Gestion de conflits au Burkina : 50 femmes leaders prêtent à s’impliquer

Le Groupe d’Action pour la Promotion, l’Education de la Femme et de la jeune Fille (GAPEF) a remis des attestations à 50 femmes leaders formées en médiation et gestion des conflits. C’était au cours d’une cérémonie tenue le mercredi 24 juillet 2019 à l’université Ouaga1 Professeur Joseph Ki Zerbo. La formation a eu pour objectif d’outiller ces femmes leaders  dans la gestion des confits afin qu’elles s’impliquent dans la gestion des conflits.

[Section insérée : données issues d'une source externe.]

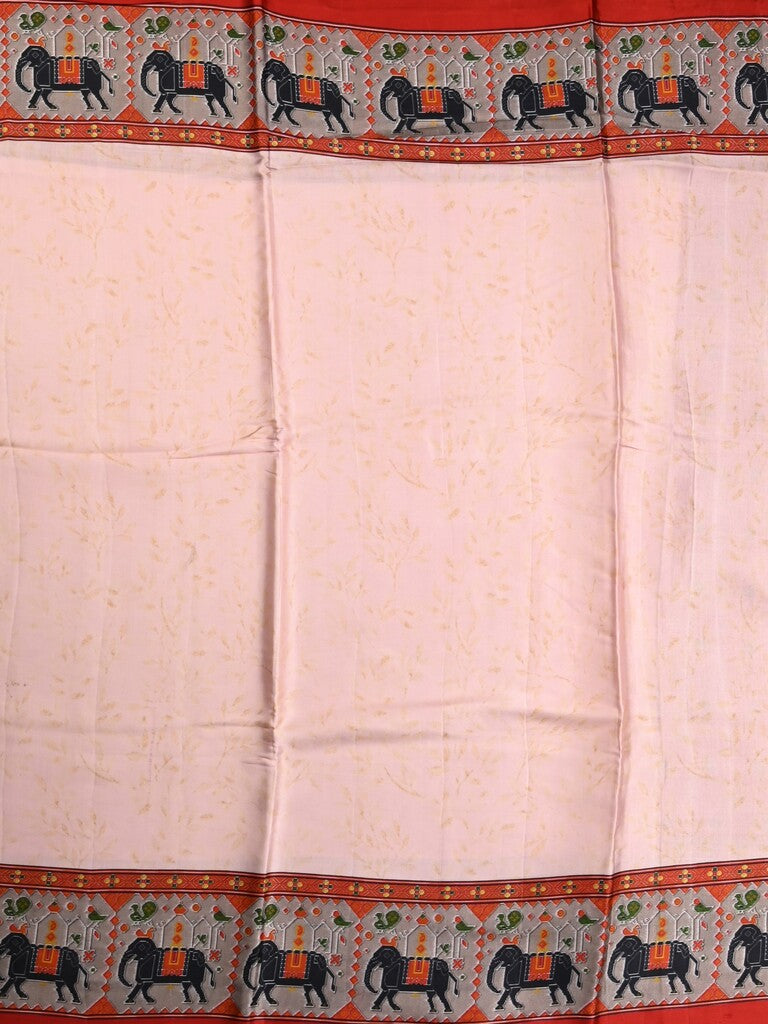 Mashroo silk fancy saree light baby pink color allover prints & contrast border with short zari pallu and printed blouse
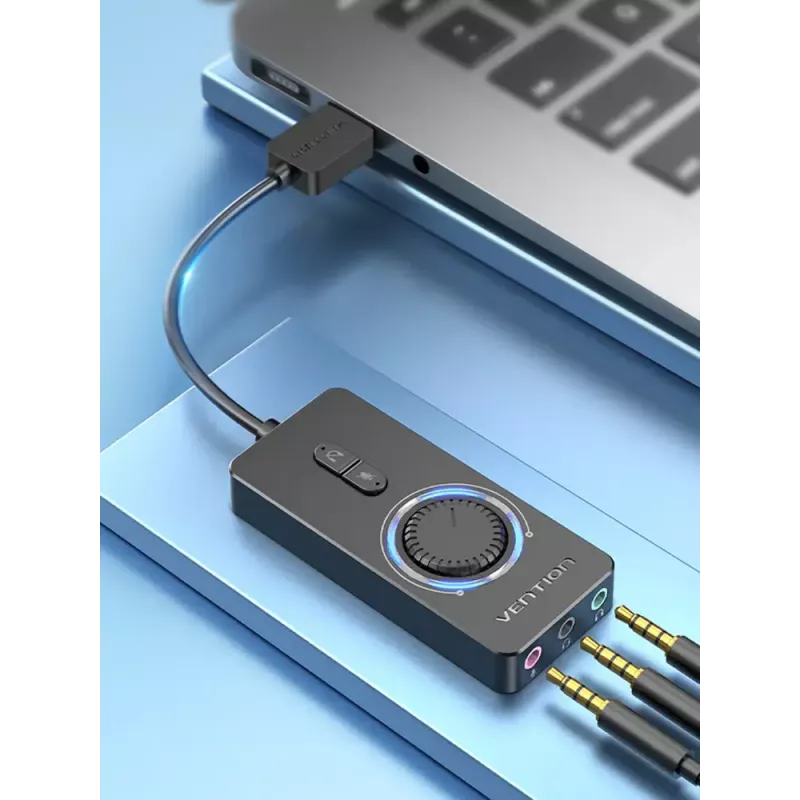 Vention USB 2.0 ārējais stereo skaņas adapteris ar skaļuma regulēšanu 0,15 m melns ABS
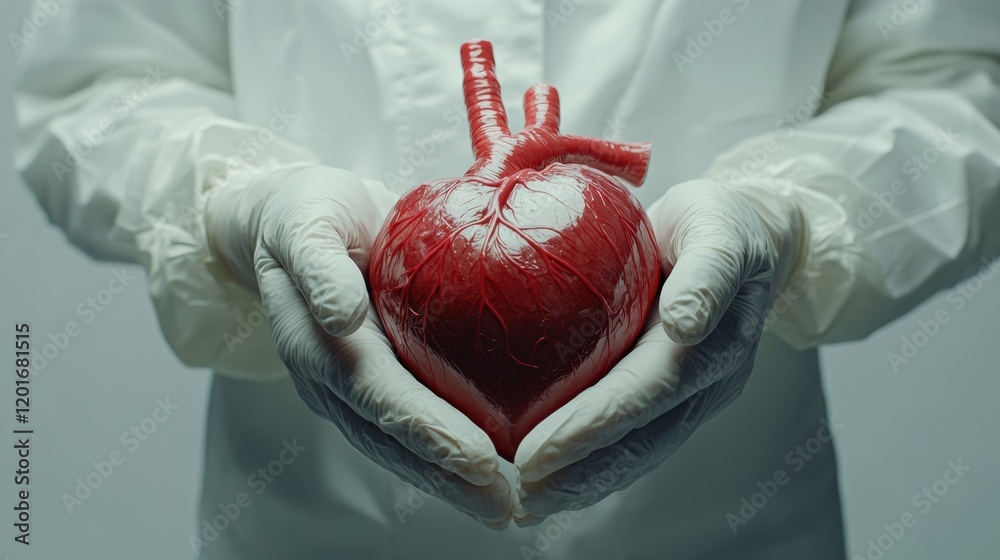Poster realistic anatomical heart gently held in gloved hands in a clinical setting showcasing care and pre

Impliquer les femmes dans la médiation et la gestion des conflits en Afrique et au Burkina et combler la faible implication des femmes dans la gestion des conflits, tel ont été entre autres objectifs poursuivis à travers cette formation. Les participantes sont  50 femmes leaders qui ont  été outillées dans des modules tels que la bonne gouvernance, la sensibilité culturelle, l’analyse et la gestion culturelle ainsi que le dialogue social. Cette formation, initiée par le Groupe d’Action pour la Promotion, l’Education de la femme et de la jeune fille (GAPEF), s’est déroulée en 3 sessions et  pendant les mois de juin, octobre et novembre 2018.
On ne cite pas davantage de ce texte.